What will it do to my car?
E10 petrol can slightly reduce fuel economy, though only by around 1%. It’s small, but do thousands of miles a year and it’ll soon add up. And more alarming is the fact it’s not compatible with all vehicles.
Before you run out and trade your petrol car in for a diesel or an electric car, cars built since 2016 have not only been made to be able to run on E10, they are optimised to do so.
Can my car run E10 petrol?
A Government website is the first place to look if you’re worried about E10 compatibility. Most models from 2000 onwards will be fine, although there are some exceptions.
What about classic cars?
The RAC Foundation believes ‘tens of thousands’ of older cars will not be able to run on E10, though they’ll be likely low mileage by now. Modern classics, such as Volkswagen Golf GTIs, BMW E30s and first generation Mazda MX-5s will be impacted most.
Using E10 in a not compatible car should be ok as a one off, but the advice is that you revert to E5 the next time you fill up.
If you leave your car undriven for a long period of time, tests have shown that the extra ethanol in E10 fuel could damage components in older cars. We’d advice owners of classics to steer well clear, then.
What can I do if my car won’t run on E10?

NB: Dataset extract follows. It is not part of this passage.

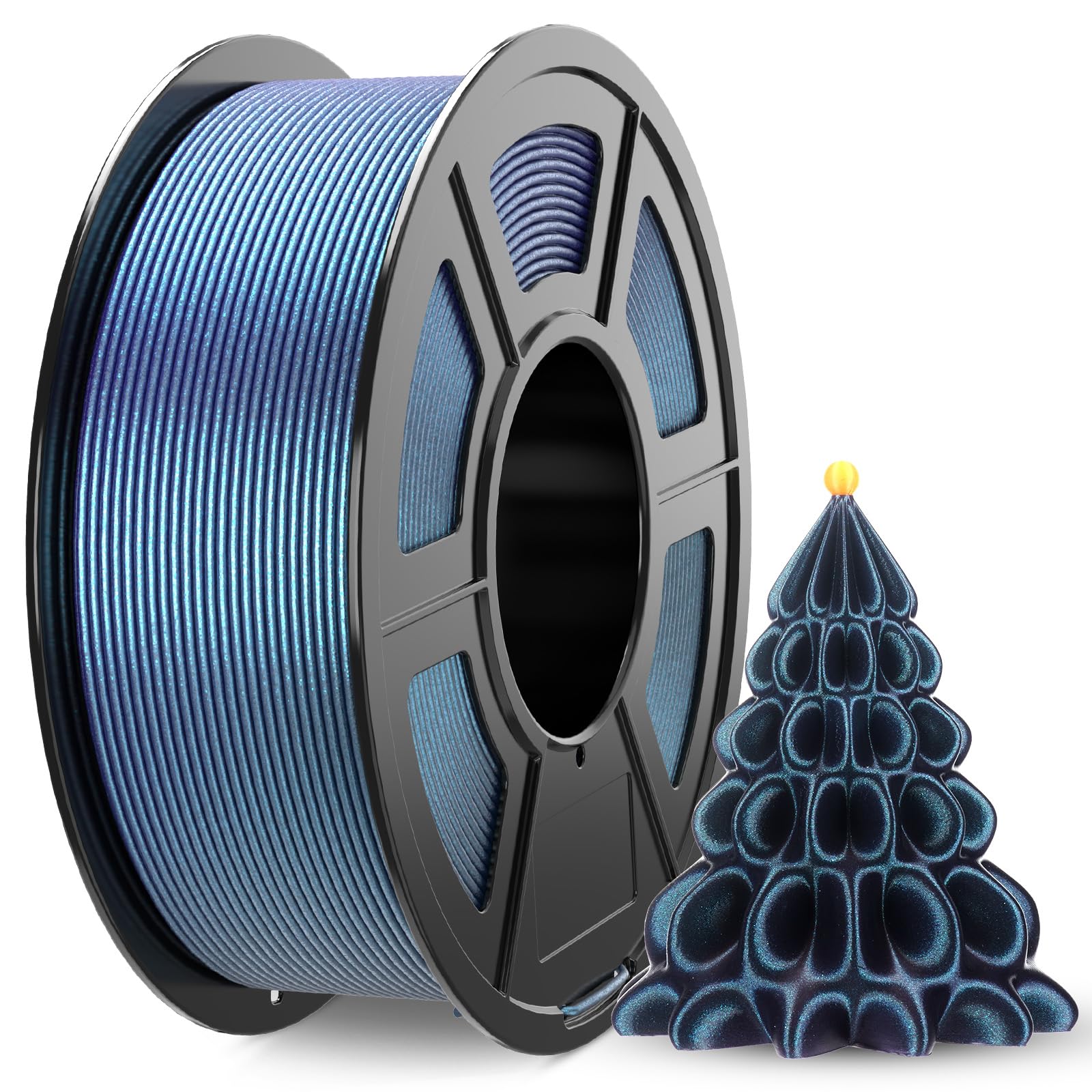JAYO Galaxy PLA 3D Printer Filament 1.75mm, 1.1kg, Galaxy Starlit Flow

E5 isn’t totally disappearing: forecourts that supply more than one type of fuel are required to provide sufficient volumes of the older E5 for those cars that aren’t compatible. Just don’t rely on this being the case at smaller, more rural filling stations
However, it’ll be in the form of more expensive premium fuel. Expect to pay around 10p more per litre for your, Ultimate, Momentum or V-Power, then.